Study material —
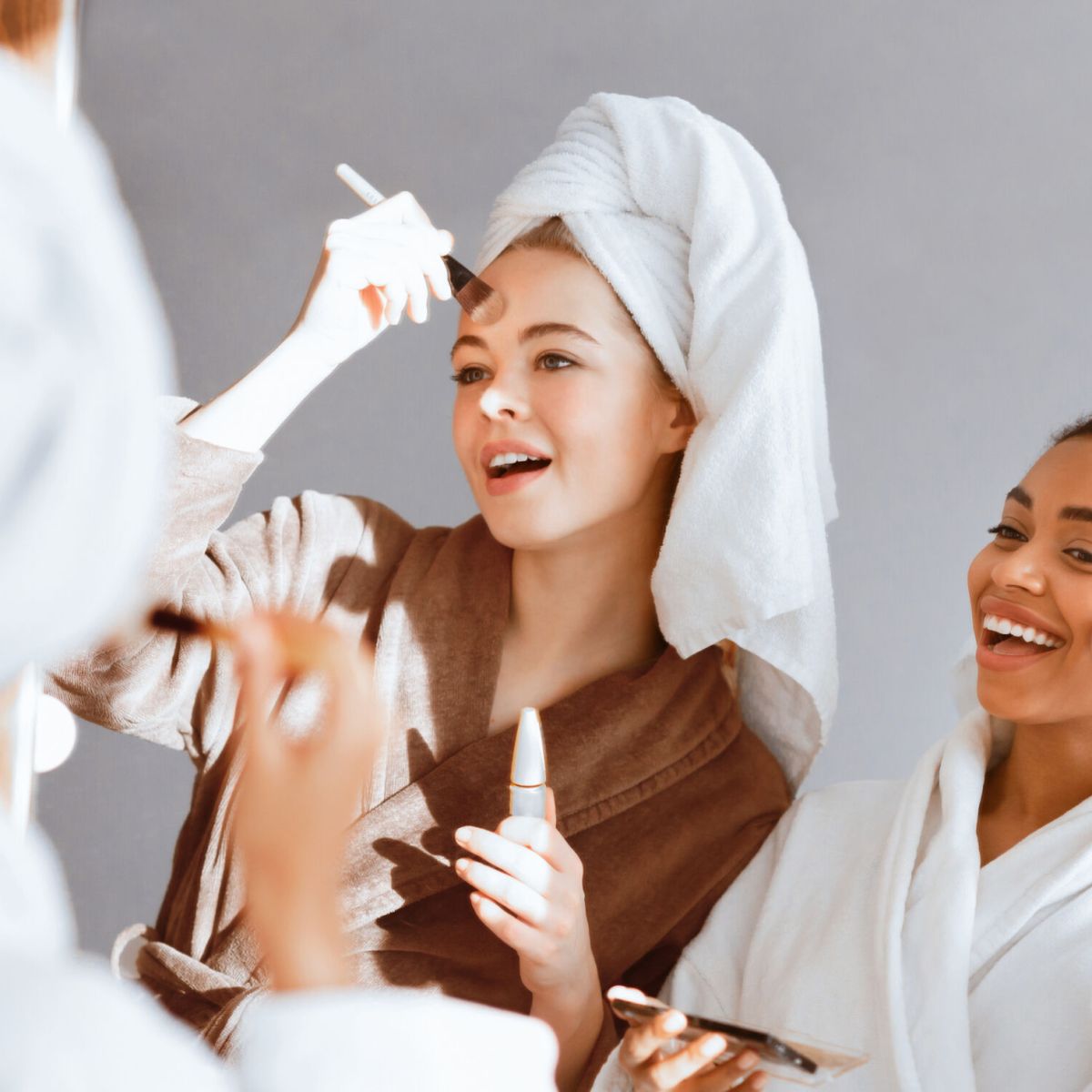 Cheerful multiethnic girls in bathrobes standing in front of big mirror, applying make up foundation with brushes
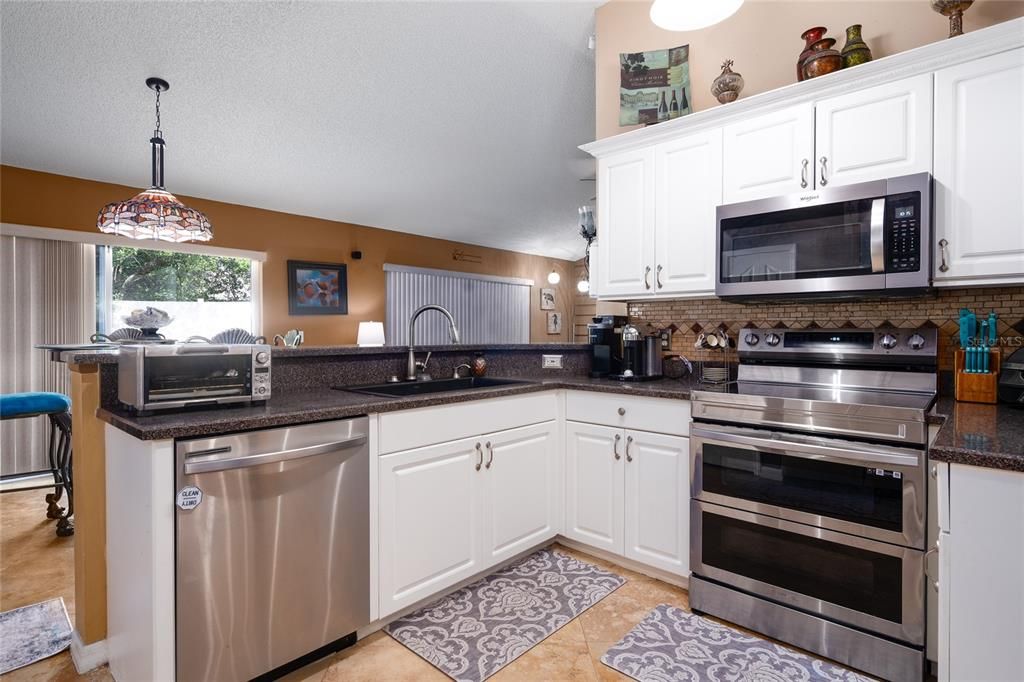 Kitchen includes all stainless steel appliances. Dining/main living area afar.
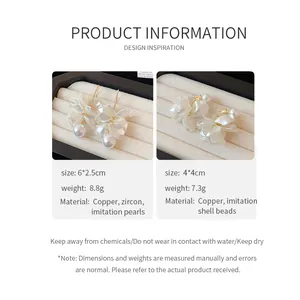 Detail view of 18K gold plated flower petal earrings with pearl accents and sizes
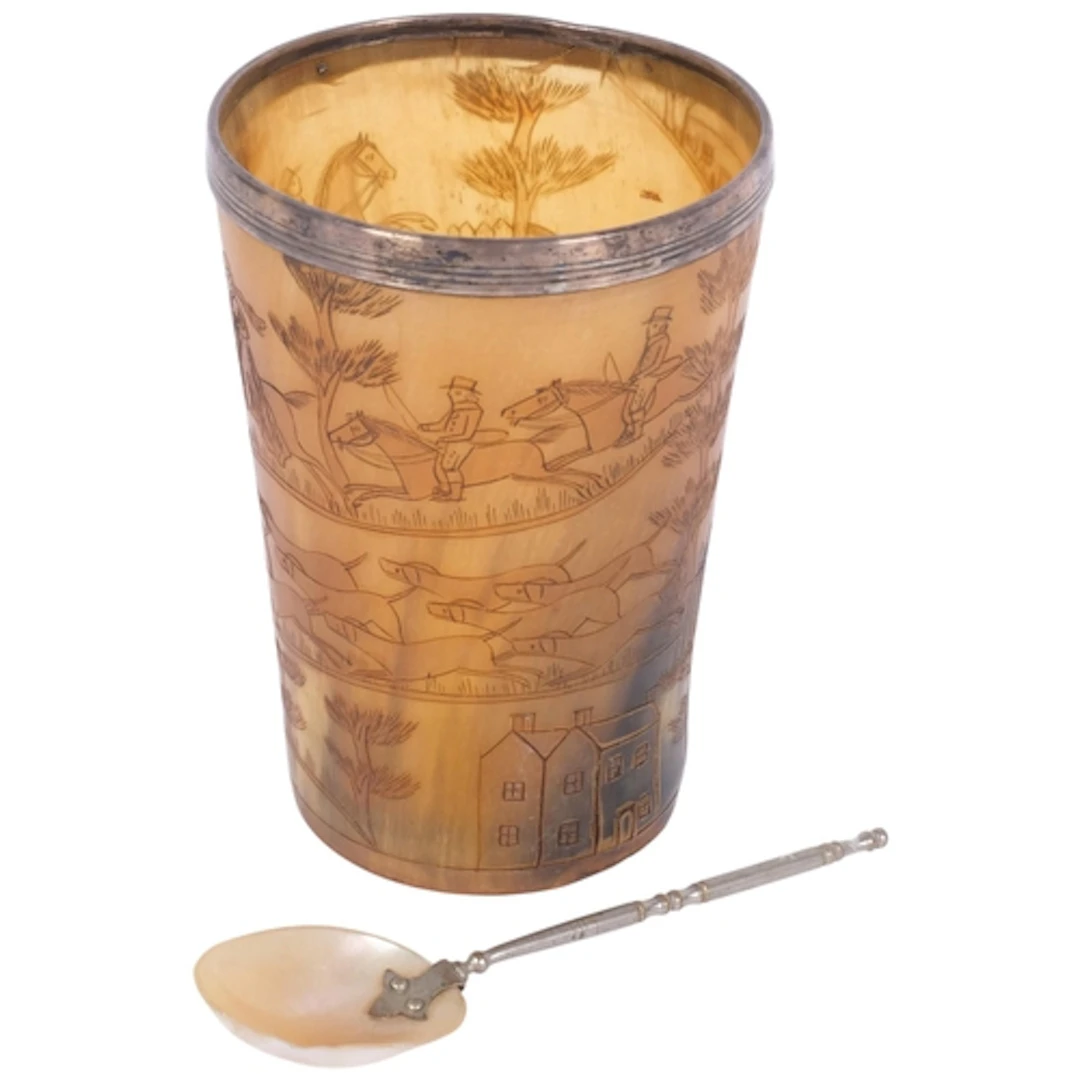 A Victorian carved horn hunting cup, with silver rim, monogr...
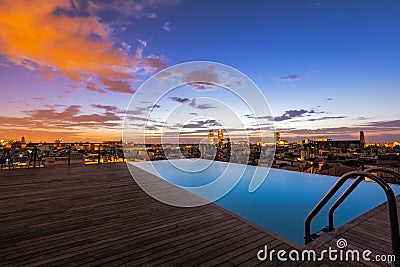 View across luxury roof top swimming pool to the city, with infinity edge, early morning sunrise, colorful sky in exotic Barcelona Stock Photo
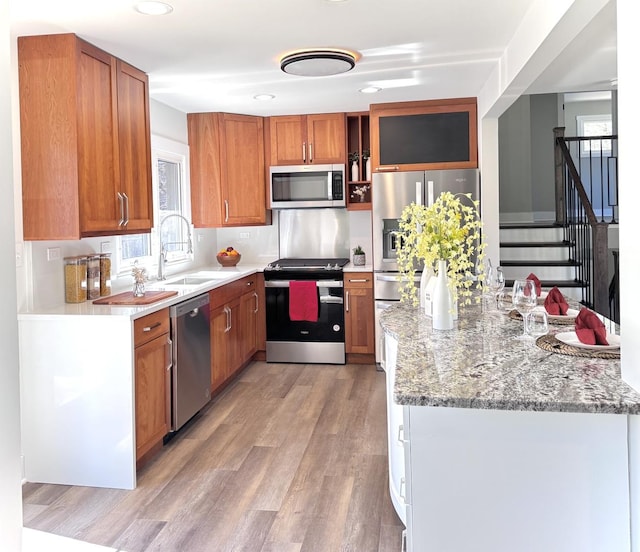 kitchen featuring light wood-type flooring, light stone counters, appliances with stainless steel finishes, brown cabinetry, and a sink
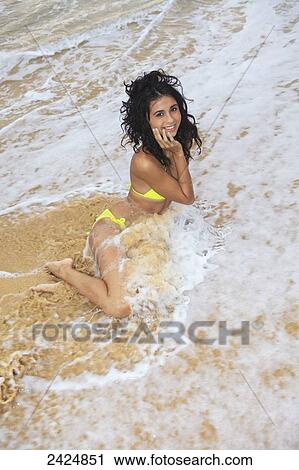 Stock Image - Hawaii, Oahu, Eternity Beach, Beautiful girl sitting in the tide.. Fotosearch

Exercise —
Please copy exactly the lines from the one that contains "Kitchen includes all" through the last line of the listing above, leaving out the pictures.

Written reply —
 Kitchen includes all stainless steel appliances. Dining/main living area afar.
 Detail view of 18K gold plated flower petal earrings with pearl accents and sizes
 A Victorian carved horn hunting cup, with silver rim, monogr...
 View across luxury roof top swimming pool to the city, with infinity edge, early morning sunrise, colorful sky in exotic Barcelona Stock Photo
 kitchen featuring light wood-type flooring, light stone counters, appliances with stainless steel finishes, brown cabinetry, and a sink
 Stock Image - Hawaii, Oahu, Eternity Beach, Beautiful girl sitting in the tide.. Fotosearch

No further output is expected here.